Evidence of the Presence of an Additional Copper Uptake Transporter in the Plasma Membrane of Mammalian Cells
Authors:Ramin Farhad, Rebecca Vargas
Mentor:Maria Linder, Professor of Biochemistry , California State University, Fullerton
Copper is an essential trace element for all living organisms as a co-factor for many enzymes/proteins supportive of life.
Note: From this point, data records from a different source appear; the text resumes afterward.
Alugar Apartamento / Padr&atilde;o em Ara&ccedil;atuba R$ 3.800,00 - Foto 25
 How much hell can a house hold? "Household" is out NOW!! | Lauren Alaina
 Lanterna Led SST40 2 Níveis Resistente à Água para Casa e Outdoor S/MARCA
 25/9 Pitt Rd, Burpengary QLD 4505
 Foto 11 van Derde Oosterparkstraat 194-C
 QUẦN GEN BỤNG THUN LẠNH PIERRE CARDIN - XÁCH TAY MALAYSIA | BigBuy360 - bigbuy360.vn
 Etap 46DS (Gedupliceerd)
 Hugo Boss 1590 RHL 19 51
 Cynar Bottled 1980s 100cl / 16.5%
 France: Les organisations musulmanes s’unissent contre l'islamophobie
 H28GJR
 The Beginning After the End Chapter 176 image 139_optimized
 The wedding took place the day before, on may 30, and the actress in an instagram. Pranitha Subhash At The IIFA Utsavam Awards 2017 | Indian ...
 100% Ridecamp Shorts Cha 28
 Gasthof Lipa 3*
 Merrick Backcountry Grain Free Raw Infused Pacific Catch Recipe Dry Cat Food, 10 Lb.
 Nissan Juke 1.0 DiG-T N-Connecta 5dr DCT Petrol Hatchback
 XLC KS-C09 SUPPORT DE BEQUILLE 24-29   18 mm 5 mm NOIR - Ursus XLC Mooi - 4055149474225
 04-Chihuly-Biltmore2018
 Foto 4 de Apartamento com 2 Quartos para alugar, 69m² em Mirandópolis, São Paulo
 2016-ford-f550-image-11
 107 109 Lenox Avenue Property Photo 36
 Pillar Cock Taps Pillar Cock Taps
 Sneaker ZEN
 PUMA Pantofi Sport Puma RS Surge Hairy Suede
Blood plasma proteins such as ceruloplasmin (Cp), α2-macroglobulin, and albumin are the direct sources of Cu for mammalian cells, as demonstrated in previous studies from our laboratory. Copper transporter 1 (CTR1) is the only Cu uptake transporter known to date on the plasma membrane of cells that take up Cu from these plasma proteins. However, the CTR1 inhibitor (Ag+) did not restrain uptake of Cu by these cultured cells. To determine whether Cu is taken up by an additional mechanism, rates of uptake from the different Cu carrying plasma proteins and Cu-histidine were compared in cells that did and did not express CTR1. siRNA knocked down expression of CTR1 in human mammary epithelial and hepatic cell models, but this had no effect on uptake of Cu(II) from the plasma proteins. Mouse embryonic fibroblasts (MEF) that did not express CTR1 took up Cu (II) bound to albumin or Cp almost as well as those expressing CTR1. Uptake rates from mouse albumin reached a 2-4 fold higher Vmax (with a lower Km) than from human albumin. Maximum uptake rates for Cu(I) versus Cu(II)-histidine were significantly higher, suggesting mediation by a reductase. All of this evidence indicates that there is at least one additional Cu transporter that I am working to identify. The unidentified transporter will be captured by a cross-linking method involving biotinylation. Cells incubated with the Cp delivering Cu are cross-linked, creating a covalent bond between the protein on the cell surface (unknown transporter) and the Cp. Upon further treatment of the cell membrane this results in biotinylation of the transporter, which can then be precipitated with Streptavidin-HRP, further separated and sequenced.